R – Page 2 – The Research Kitchen

I put together a short intro presentation for some people explaining a little bit about R from an introductory point of view. Slides put together with R/markdown and ioslides.

Presentation here.

Here is the raw markdown if you are interested:

[code lang=”r”]
—
title: "R Introduction"
author: "Rory Winston"
date: "2 August 2014"
output:
ioslides_presentation: default
beamer_presentation:
fig_height: 6
fig_width: 8
keep_tex: yes
logo: r_logo.png
self_contained: no
fontsize: 10pt
—

## What is R?

– A Domain-Specific-Language (DSL) for statistics and data analysis
– Based on the S Programming Language
– An environment for Exploratory Data Analysis (EDA)
– A quasi-functional language with IDE and REPL
– A vectorized language with BLAS support
– A collection of over 7,000+ libraries
– A large and active community across industry and academia
– Around 20 years old (Lineage dates from 1975 – almost 40 years ago)

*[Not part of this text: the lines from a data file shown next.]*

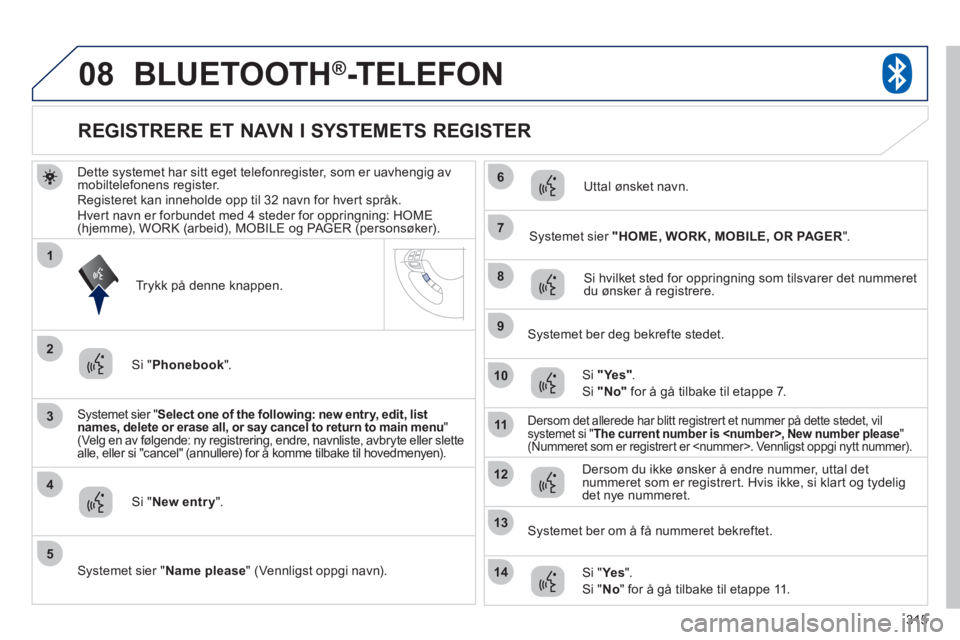 PEUGEOT 4008 2012 Instruksjoner for bruk (in Norwegian) 315
08
3
4
7
8
9
10
11
1
2
5
6
12
14
13
BLUETOOTH®-TELEFON
Dette systemet har sitt eget telefonregister, som er uavhengig av mobiltelefonens register.
Registeret kan inneholde opp til 32 navn for h PEUGEOT 4008 2012 Instruksjoner for bruk (in Norwegian) 315
08
3
4
7
8
9
10
11
1
2
5
6
12
14
13
BLUETOOTH®-TELEFON
Dette systemet har sitt eget telefonregister, som er uavhengig av mobiltelefonens register.
Registeret kan inneholde opp til 32 navn for h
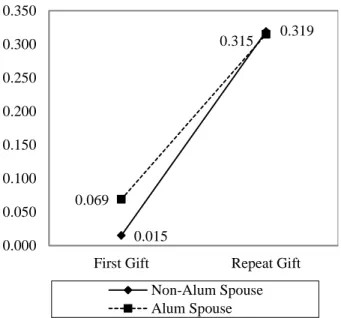 Figure 2.2b: Spouse and donor lifecycle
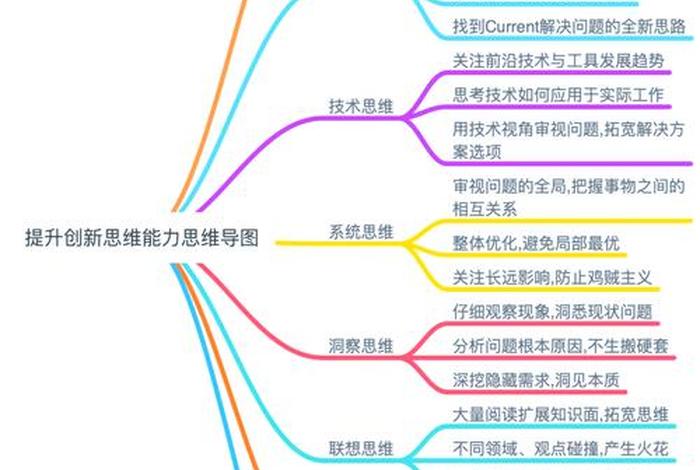 电商素材创新思路（电商素材创新思路怎么写）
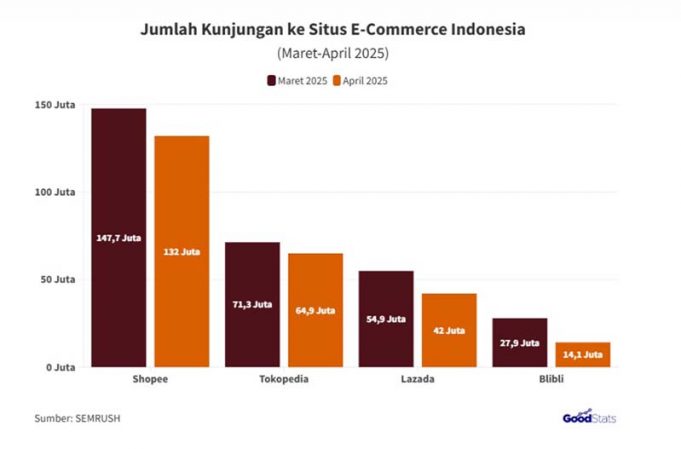 인도네시아 전자상거래 방문자 급감 “경고등”: 원인과 대책별 분류 정리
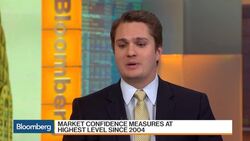 How Patient Will Investors Be With Trump's Policies? News Clip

“`{r,echo=FALSE,message=FALSE}
options("digits"=5)
options("digits.secs"=3)

“`

## Types

– Primitives (numeric, integer, character, logical, factor)
– Data Frames
– Lists
– Tables
– Arrays
– Environments
– Others (functions, closures, promises..)

## Simple Types
“`{r,collapse=TRUE}
x <- 1
class(x)

y <- "Hello World"
class(y)

z <- TRUE
class(z)

as.integer(z)
“`

## Simple Types – Vectors

The basic type unit in R is a vector

“`{r, collapse=TRUE}
x <- c(1,2,3)
x
x <- 1:3
x[1]
x[0]
x[-1]
“`

## Generating Vectors

R provides lots of convenience functions for data generation:

“`{r,collapse=TRUE}
rep(0, 5)
seq(1,10)
seq(1,2,.1)
seq(1,2,length.out=6)
“`

## Indexing

“`{r,collapse=TRUE}
x <- c(1, 3, 4, 10, 15, 20, 50, 1, 6)
x > 10
which(x > 10)
x[x>10]
x[!x>10]
x[x<=10]
x[x>10 & x<30]
“`

## Functions {.smaller}

“`{r, collapse=TRUE}
square <- function(x) x^2
square(2)

pow <- function(x, p=2) x^p
pow(10)
pow(10,3)
pow(p=3,10)

“`

Functions can be passed as data:

“`{r,collapse=TRUE}
g <- function(x, f) f(x)
g(10, square)

h <- function(x,f,…) f(x,…)
h(10, pow, 3)
“`

## R is Vectorized

Example – multiplying two vectors:

“`{r}
mult <- function(x,y) {
z <- numeric(length(x))
for (i in 1:length(x)) {
z[i] <- x[i] * y[i]
}
z
}

mult(1:10,1:10)
“`

## R is Vectorized

Multiplying two vectors ‘the R way’:

“`{r}
1:10 * 1:10
“`

NOTE: R recycles vectors of unequal length:
“`{r}
1:10 * 1:2
“`

## NOTE: Random Number Generation

R contains a huge number of built-in random number generators for various probability distributions

“`{r}
# Normal variates, mean=0, sd=1
rnorm(10)
rnorm(10, mean=100, sd=5)
“`

Many different distributions available (the r* functions)

## Data Frames

– Data frames are the fundamental structure used in data analysis
– Similar to a database table in spirit (named columns, distinct types)

“`{r}
d <- data.frame(x=1:6, y="AUDUSD", z=c("one","two"))
d
“`

## Data Frames

Data frames can be indexed like a vector or matrix:

“`{r,collapse=TRUE}
# First row
d[1,]

# First column
d[,1]

# First and third cols, first two rows
d[1:2,c(1,3)]
“`

## Data Frames {.smaller}

Let’s generate some dummy data:
“`{r}

generateData <- function(N) data.frame(time=Sys.time()+1:N,
sym="AUDUSD",
bid=rep(1.2345,N)+runif(min=-.0010,max=.0010,N),
ask=rep(1.2356,N)+runif(min=-.0010,max=.0010,N),
exch=sample(c("EBS","RTM","CNX"),N, replace=TRUE))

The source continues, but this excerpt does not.